Consider the following examples.
First, the local meteorologist has forecast a high temperature tomorrow of 45 °F (7 °C). Suppose I take my thermometer out tomorrow afternoon, let it sit in the shade for a while, and it reads 43 °F (6 °C). Was the forecast wrong?
What if it were 37 °F (3 °C)?
Perhaps a different example may be more familiar. You are on your way to meet a friend for lunch, and you tell them that you’ll be there in fifteen minutes. Seventeen minutes later, you arrive. Were you on time? Were you late?
Finally, here is yet another example, and one I struggle with: you are in a science museum, and the sign next to the T. rex says that it went extinct around 65 Ma. However, there was a paper published two years ago which determined that the Chixulub impact occurred at or slightly before 66.043 Ma (+/-22 ka, 2-sigma). Is the sign on the exhibit wrong?

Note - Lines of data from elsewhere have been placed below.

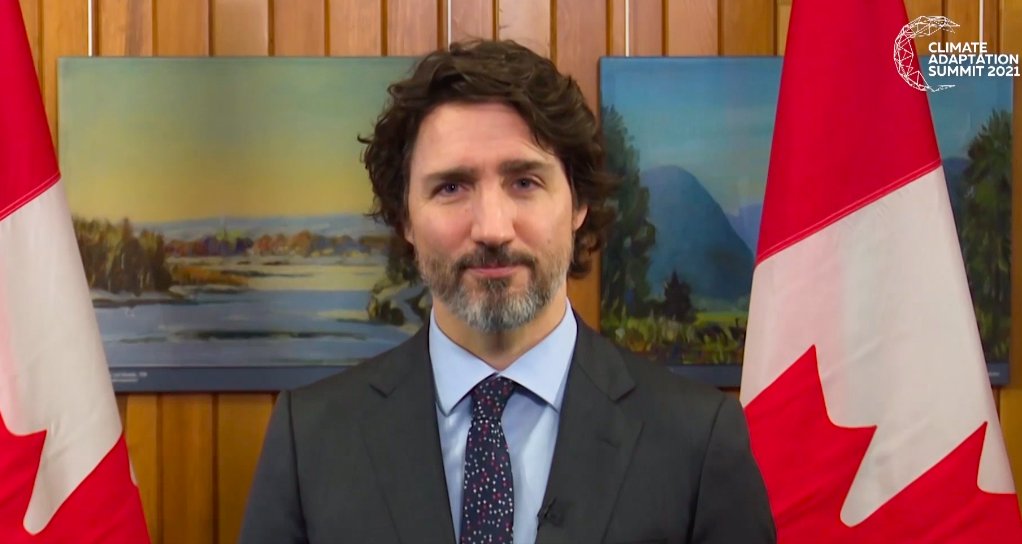 adri_aval's tweet photo. Canadian Prime Minister @JustinTrudeau at the #Adaptation Summit “We welcome the launch of a new Young leadership Program to bring together the next generation of leaders to help tackle climate change” #AdaptforOurFuture https://t.co/KJ4TyL4ug3
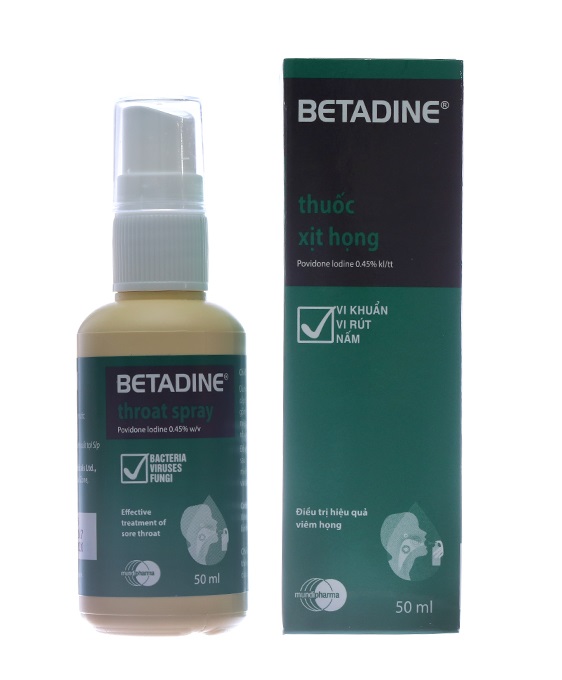 Xịt Họng Betadine Throat Spray Throatspray Chai 50Ml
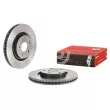 Jeu de 2 disques de frein avant BREMBO 09.E235.11 - Visuel 1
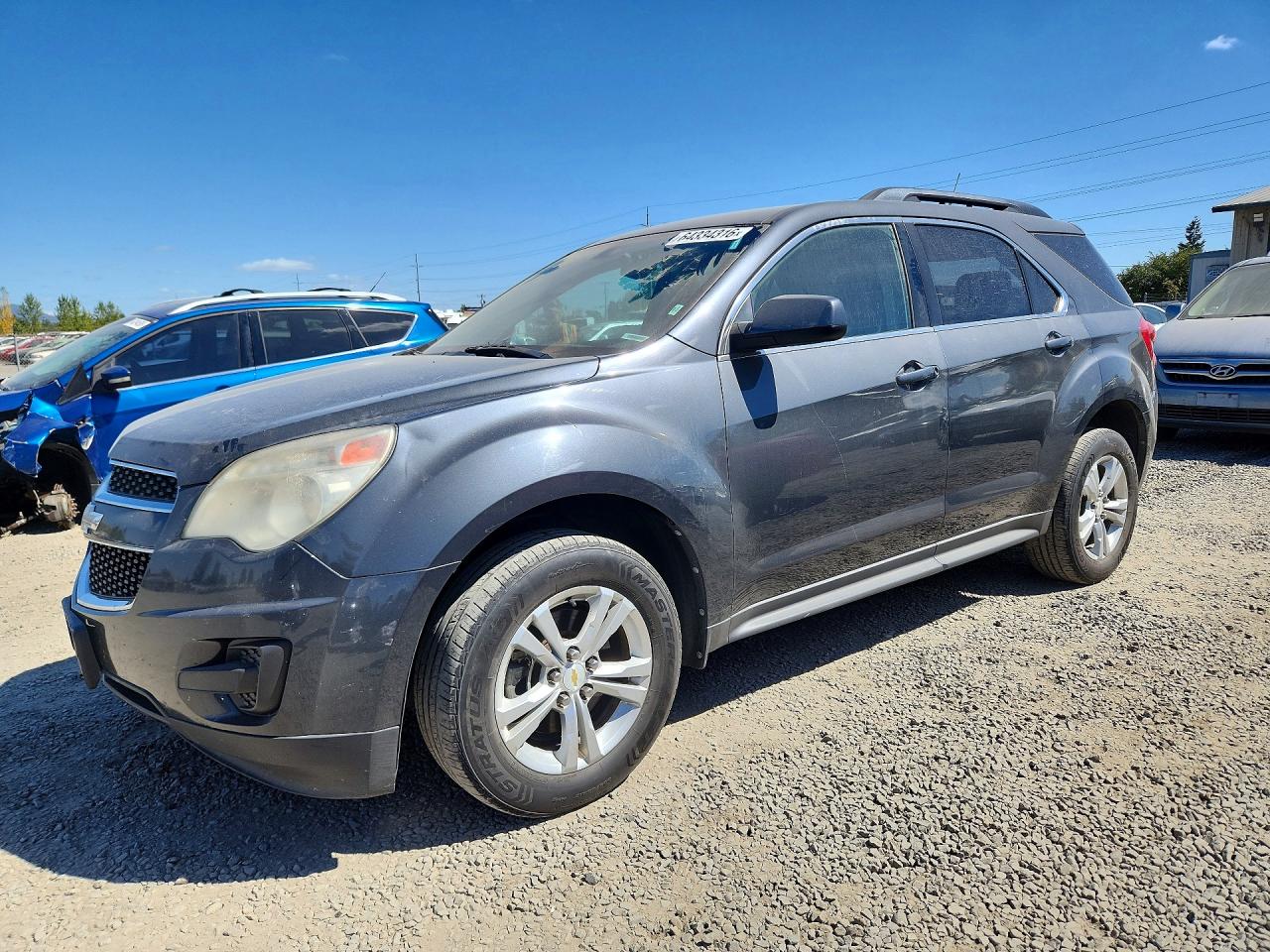 2011 Chevrolet Equinox Lt Gray vin: 2CNFLEEC3B6206548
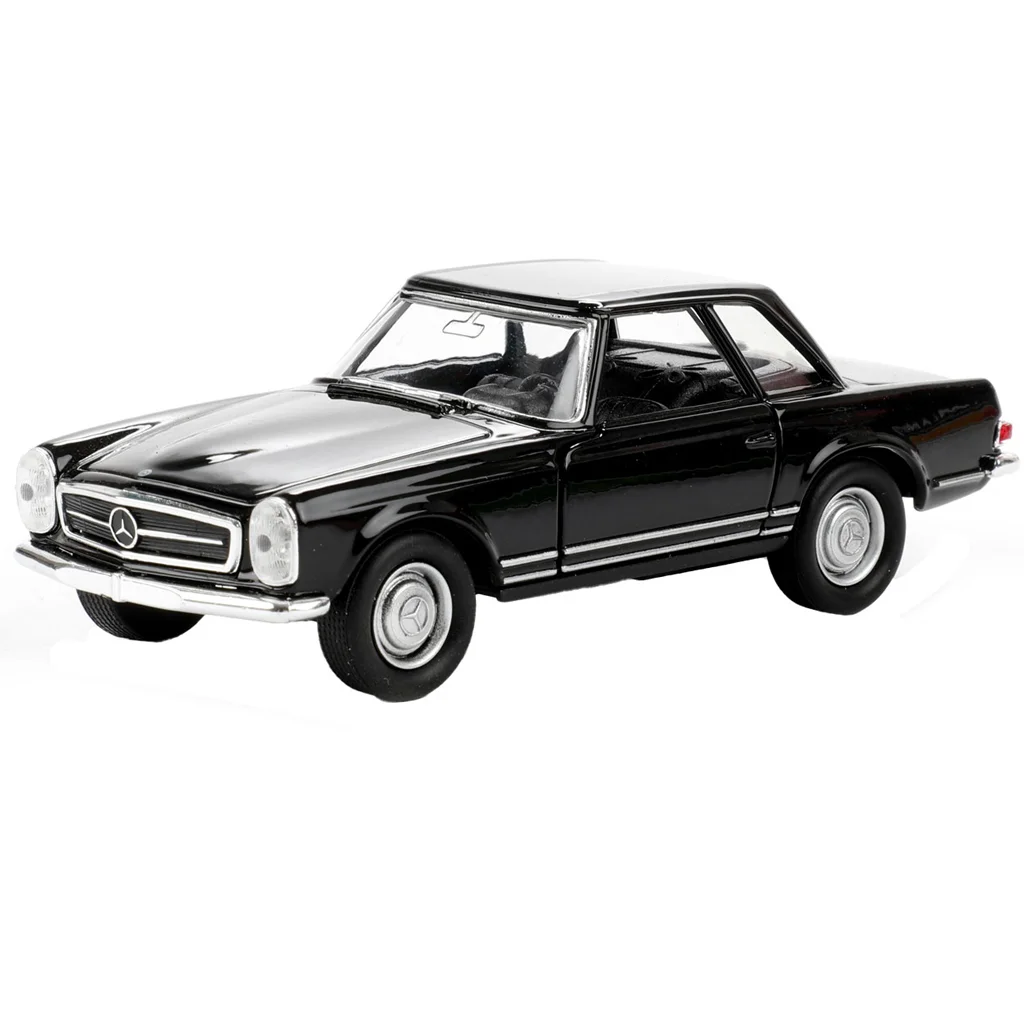 Welly: Mercedes-Benz 1963 230SL fém kisautó modell többféle változatban 11cm kép 7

I hope that from these examples, you can see that uncertainty is something you encounter more often than you necessarily think about. You may also find you have some intuitive sense for what it means and where it might be important.

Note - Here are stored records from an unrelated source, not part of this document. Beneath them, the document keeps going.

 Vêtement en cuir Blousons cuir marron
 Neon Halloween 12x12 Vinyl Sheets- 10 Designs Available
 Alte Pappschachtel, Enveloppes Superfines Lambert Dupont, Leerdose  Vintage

Here are my interpretations of the above scenarios.
The meteorologist’s forecast is correct. Although it is not usually mentioned, meteorologists in temperate climes expect their one-day forecasts to be accurate to about 2 °F. They have a fairly large area to cover, which may have some temperature differences within it, and there is some uncertainty in the reading given by the thermometer.
When meeting a friend for lunch, being off by two minutes in fifteen is probably fine. Most people understand that such an arrangement may be accurate only to within five minutes. For some people, even five minutes may be well within the understood uncertainty.

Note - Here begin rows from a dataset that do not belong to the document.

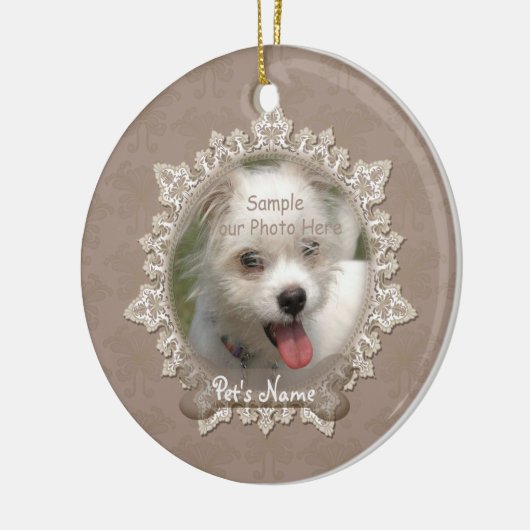 Ornement commémoratif pour animaux de compagnie en (Gauche)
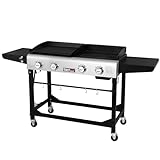 Royal Gourmet GD401 Portable Propane Gas Grill and Griddle Combo...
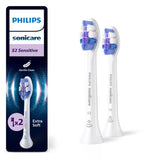 Philips Sonicare Sensitive HX6052/87 Pakke med 2 børstehoveder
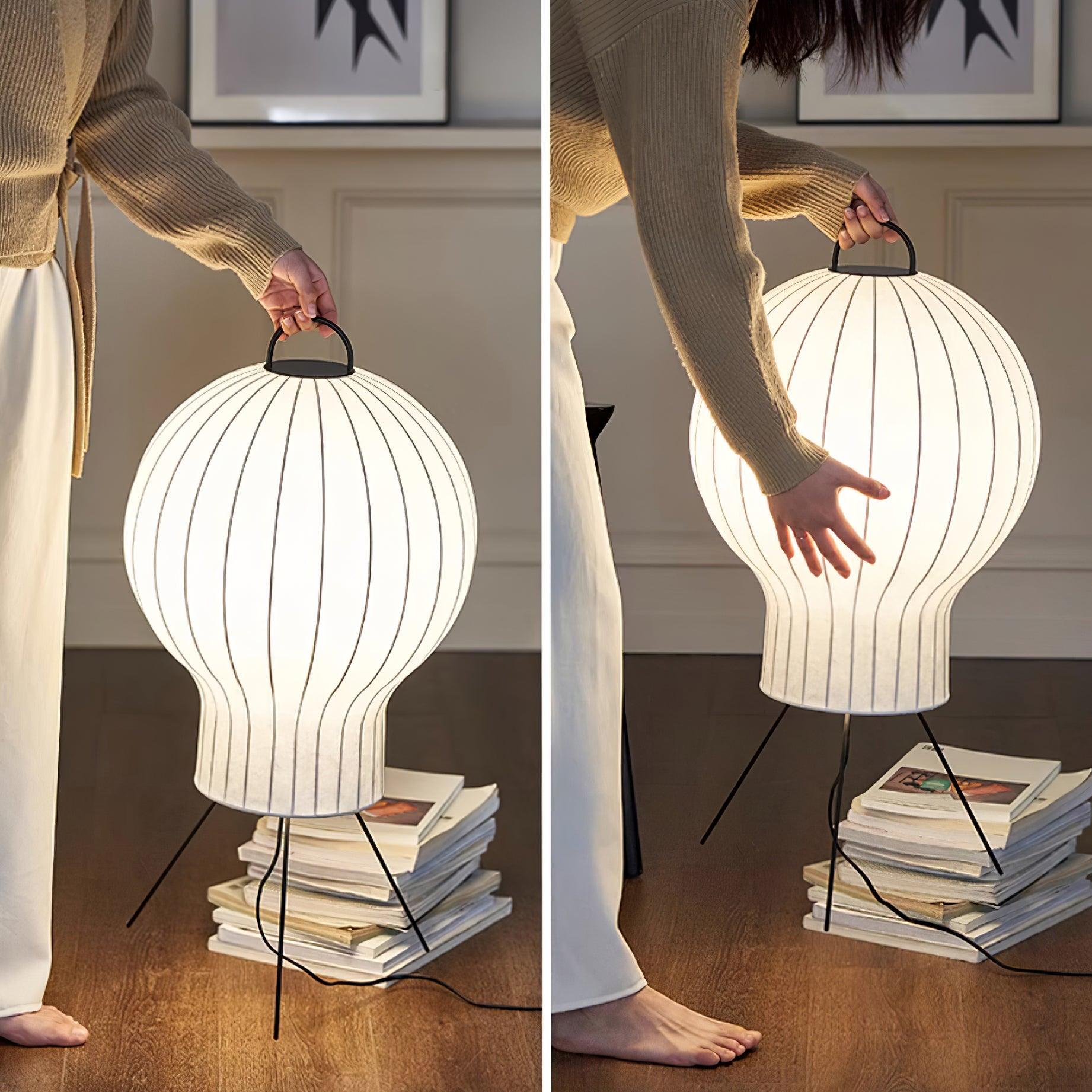Ravelle Silk Floor Lamp | Handcrafted Shade & Foot Switch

As for the museum, I would think it is a great opportunity to teach about uncertainty! On one hand, the casual use of 65 Ma (implying +/-2.5 Ma) is correct. On the other hand, that figure is quite imprecise compared to how well we know when the event happened. Even to the nearest million years, 66 Ma would be more appropriate. This brings up another point: our understanding of geochronology is based on the latest research. Advances in the field, analysis of different materials, or even different interpretations of previously existing data can lead to changes. Despite the great amount of effort put into compiling the best science and geochronology for the latest Geologic Time Scale (mostly not open access, sadly), parts became obsolete even as it went to press. Mostly, these changes are small, and primarily concern scientists who are studying events near these boundaries. If the Cretaceous-Paleogene boundary were to be moved from 66 Ma to 90 Ma, that radical change would need to be backed up with a lot of data, and would necessitate a new sign for T. rex or an acknowledgement that dinosaurs lasted well into the Paleogene (there is no widely accepted evidence that they did).
Hopefully these examples have illustrated that you already have an intuitive understanding of what analytical or numeric uncertainties are and why they are important. In science, where measurements are being made, and calculations based on those measurements are being computed, understanding the uncertainties becomes increasingly important. There are many resources available which outline the process for determining and reporting uncertainties, ranging from a ten-page worksheet to a [very handy and accessible] small book to a comprehensive tome (open access!).
 Renne, P. R., Deino, A. L., Hilgen, F. J., Kuiper, K. F., Mark, D. F., Mitchell, W. S., III, Morgan, L. E., Mundil, R., Smit, J. (2013) Time Scales of Critical Events Around the Cretaceous-Paleogene Boundary. Science 339: 684-687, doi: 10.1126/science.1230492.